DATA SHOWN
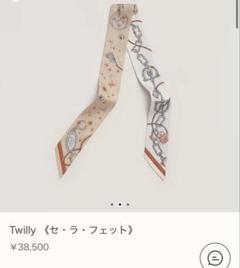 【第1位獲得！】 2025年最新】新品 エルメス ツイリーの人気アイテム - メルカリ 小物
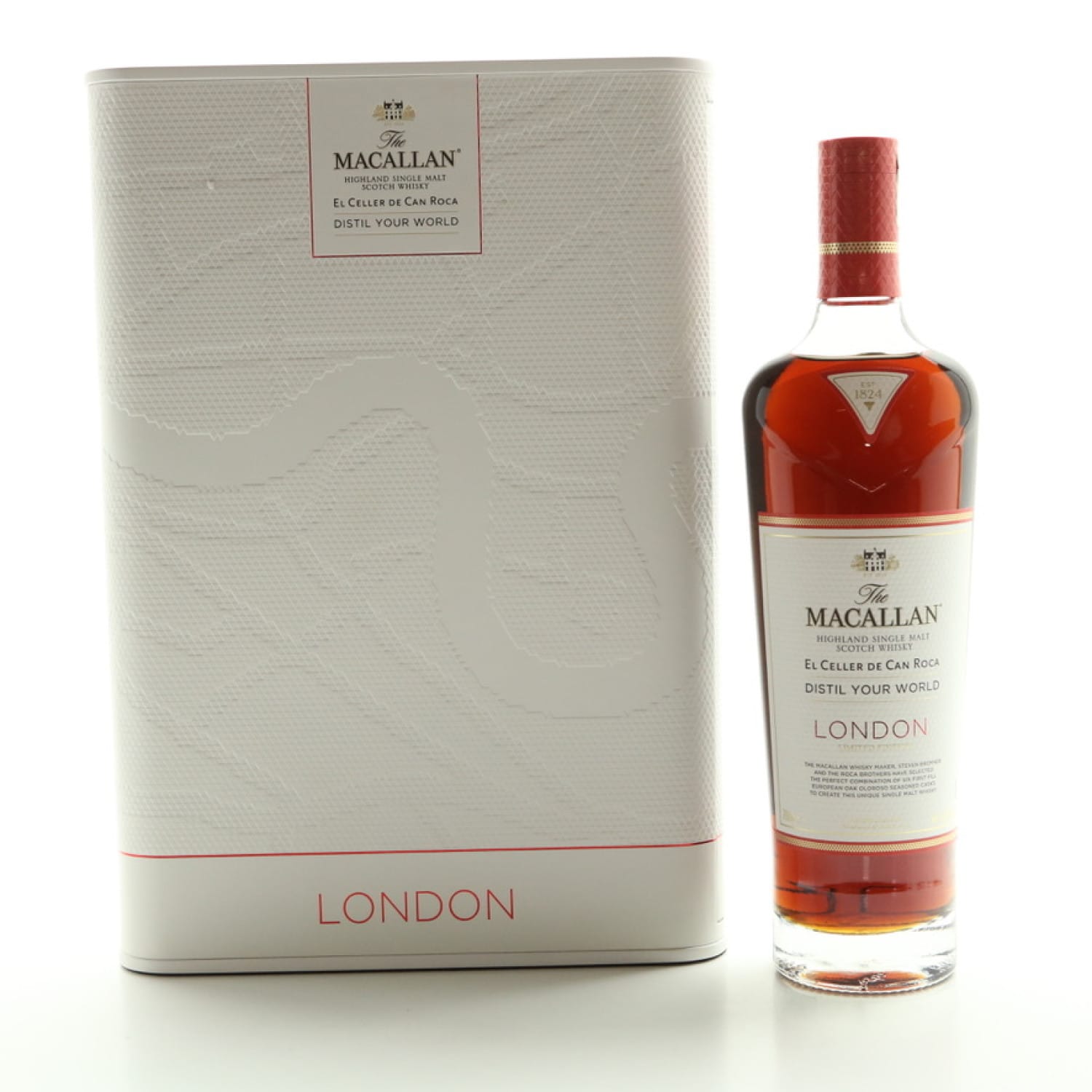 Macallan Distil Your World London Edition Whisky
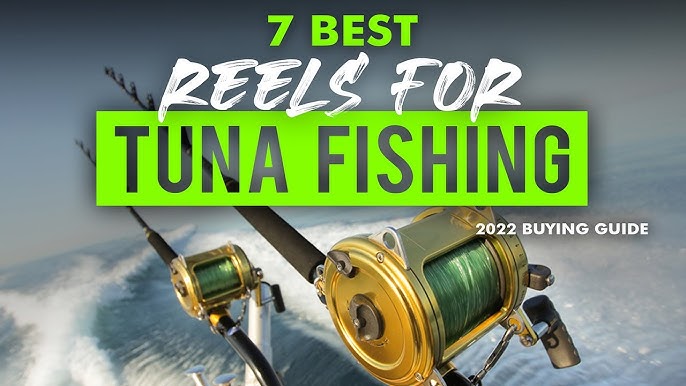 Bluefin Tuna Fishing Rods and Reels - How to Choose the BEST Setup [Gear] 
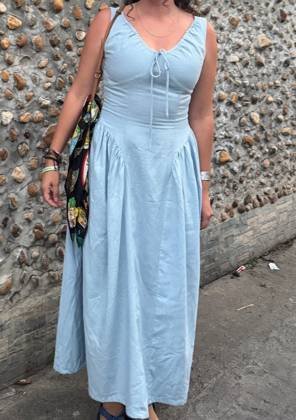 Clothes made at Sunrise Tailor in Hội An, photo by a customer (Hannah Jackson)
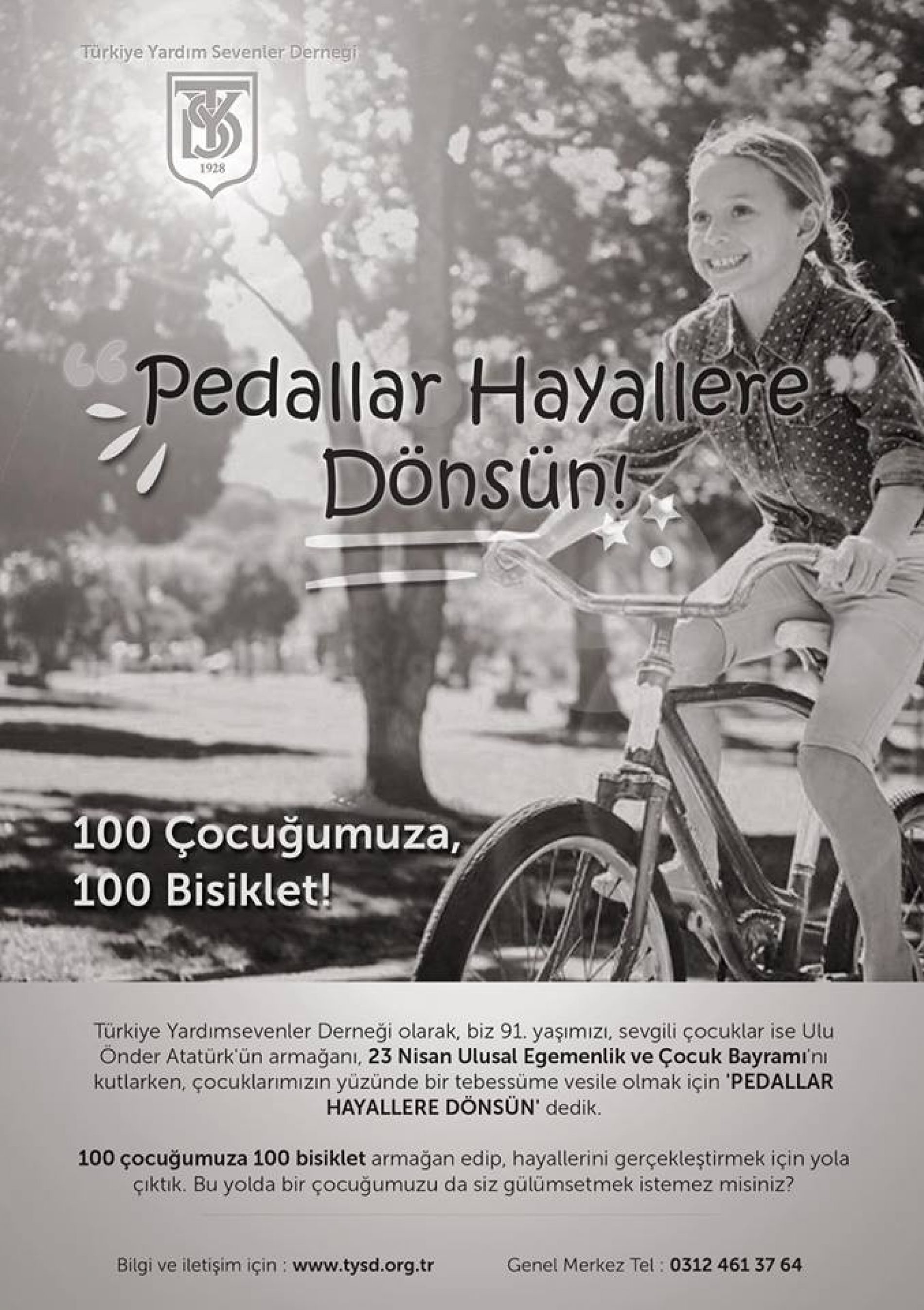 Pedallar Hayallere Dönsün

TASK PROMPT
Reproduce the whole of the data, word for word, and omit its pictures.

PROBLEM SOLUTION
 【第1位獲得！】 2025年最新】新品 エルメス ツイリーの人気アイテム - メルカリ 小物
 Macallan Distil Your World London Edition Whisky
 Bluefin Tuna Fishing Rods and Reels - How to Choose the BEST Setup [Gear] 
 Clothes made at Sunrise Tailor in Hội An, photo by a customer (Hannah Jackson)
 Pedallar Hayallere Dönsün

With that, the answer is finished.